*** Excerpted records ***
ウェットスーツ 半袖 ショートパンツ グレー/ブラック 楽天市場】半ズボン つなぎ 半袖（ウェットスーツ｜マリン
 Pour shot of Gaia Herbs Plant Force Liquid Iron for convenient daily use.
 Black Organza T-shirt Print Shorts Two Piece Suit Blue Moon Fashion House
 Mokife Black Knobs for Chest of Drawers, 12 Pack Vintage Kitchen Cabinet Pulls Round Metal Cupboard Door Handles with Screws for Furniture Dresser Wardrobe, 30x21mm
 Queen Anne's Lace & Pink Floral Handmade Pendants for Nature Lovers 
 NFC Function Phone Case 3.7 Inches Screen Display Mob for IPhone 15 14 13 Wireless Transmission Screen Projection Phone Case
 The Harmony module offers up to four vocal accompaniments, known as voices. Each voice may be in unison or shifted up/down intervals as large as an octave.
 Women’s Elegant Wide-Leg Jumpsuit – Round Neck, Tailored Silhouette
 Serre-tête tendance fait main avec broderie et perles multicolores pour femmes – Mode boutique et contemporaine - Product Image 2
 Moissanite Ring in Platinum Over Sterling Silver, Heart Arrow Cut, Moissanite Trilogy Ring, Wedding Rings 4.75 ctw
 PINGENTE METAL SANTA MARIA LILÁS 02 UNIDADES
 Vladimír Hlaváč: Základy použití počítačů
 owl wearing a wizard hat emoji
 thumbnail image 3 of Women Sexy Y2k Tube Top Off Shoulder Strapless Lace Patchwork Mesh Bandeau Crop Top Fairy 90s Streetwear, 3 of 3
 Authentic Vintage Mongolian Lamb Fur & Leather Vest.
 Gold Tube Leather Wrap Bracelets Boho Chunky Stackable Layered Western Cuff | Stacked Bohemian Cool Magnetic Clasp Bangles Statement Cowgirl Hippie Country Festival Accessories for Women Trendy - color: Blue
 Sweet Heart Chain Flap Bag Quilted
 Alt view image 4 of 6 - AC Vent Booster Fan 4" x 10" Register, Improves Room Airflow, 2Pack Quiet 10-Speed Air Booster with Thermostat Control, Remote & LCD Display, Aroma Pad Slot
*** End of Excerpted records ***
◆ What to work on ◆
In full and word for word, output the material.

◆ Answer for the task ◆
ウェットスーツ 半袖 ショートパンツ グレー/ブラック 楽天市場】半ズボン つなぎ 半袖（ウェットスーツ｜マリン
 Pour shot of Gaia Herbs Plant Force Liquid Iron for convenient daily use.
 Black Organza T-shirt Print Shorts Two Piece Suit Blue Moon Fashion House
 Mokife Black Knobs for Chest of Drawers, 12 Pack Vintage Kitchen Cabinet Pulls Round Metal Cupboard Door Handles with Screws for Furniture Dresser Wardrobe, 30x21mm
 Queen Anne's Lace & Pink Floral Handmade Pendants for Nature Lovers 
 NFC Function Phone Case 3.7 Inches Screen Display Mob for IPhone 15 14 13 Wireless Transmission Screen Projection Phone Case
 The Harmony module offers up to four vocal accompaniments, known as voices. Each voice may be in unison or shifted up/down intervals as large as an octave.
 Women’s Elegant Wide-Leg Jumpsuit – Round Neck, Tailored Silhouette
 Serre-tête tendance fait main avec broderie et perles multicolores pour femmes – Mode boutique et contemporaine - Product Image 2
 Moissanite Ring in Platinum Over Sterling Silver, Heart Arrow Cut, Moissanite Trilogy Ring, Wedding Rings 4.75 ctw
 PINGENTE METAL SANTA MARIA LILÁS 02 UNIDADES
 Vladimír Hlaváč: Základy použití počítačů
 owl wearing a wizard hat emoji
 thumbnail image 3 of Women Sexy Y2k Tube Top Off Shoulder Strapless Lace Patchwork Mesh Bandeau Crop Top Fairy 90s Streetwear, 3 of 3
 Authentic Vintage Mongolian Lamb Fur & Leather Vest.
 Gold Tube Leather Wrap Bracelets Boho Chunky Stackable Layered Western Cuff | Stacked Bohemian Cool Magnetic Clasp Bangles Statement Cowgirl Hippie Country Festival Accessories for Women Trendy - color: Blue
 Sweet Heart Chain Flap Bag Quilted
 Alt view image 4 of 6 - AC Vent Booster Fan 4" x 10" Register, Improves Room Airflow, 2Pack Quiet 10-Speed Air Booster with Thermostat Control, Remote & LCD Display, Aroma Pad Slot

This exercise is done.